What you have to do ->
Exactly the lines below from the one with "32 美品 FENDI フェンディ ズッカ 2つ折り財布" up to and including the one with "NANCY — Arco" make up the answer, with nothing else added.

:: Task input ::

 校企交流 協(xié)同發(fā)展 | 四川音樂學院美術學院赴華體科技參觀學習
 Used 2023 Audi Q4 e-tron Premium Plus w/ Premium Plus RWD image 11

:::
:: Task input ::

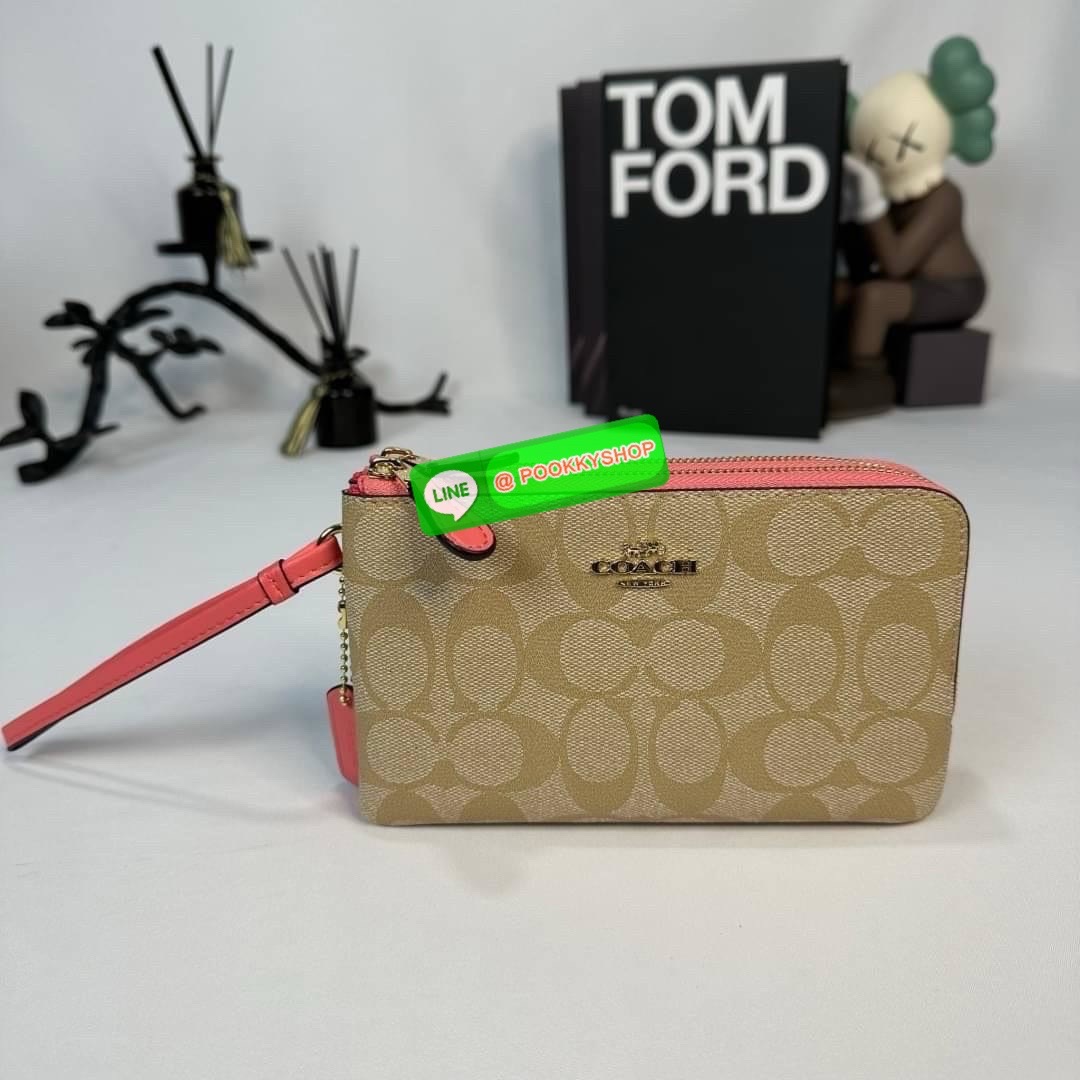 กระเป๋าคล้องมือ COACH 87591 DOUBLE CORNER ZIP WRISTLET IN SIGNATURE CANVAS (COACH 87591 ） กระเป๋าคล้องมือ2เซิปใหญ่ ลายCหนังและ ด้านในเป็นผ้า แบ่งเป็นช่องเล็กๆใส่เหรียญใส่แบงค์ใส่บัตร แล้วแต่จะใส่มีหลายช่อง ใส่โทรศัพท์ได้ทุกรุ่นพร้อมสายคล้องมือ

:::
:: Task input ::

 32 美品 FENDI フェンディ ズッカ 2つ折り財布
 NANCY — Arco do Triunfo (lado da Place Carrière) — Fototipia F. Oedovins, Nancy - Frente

:::

Finished task ->
 32 美品 FENDI フェンディ ズッカ 2つ折り財布
 NANCY — Arco do Triunfo (lado da Place Carrière) — Fototipia F. Oedovins, Nancy - Frente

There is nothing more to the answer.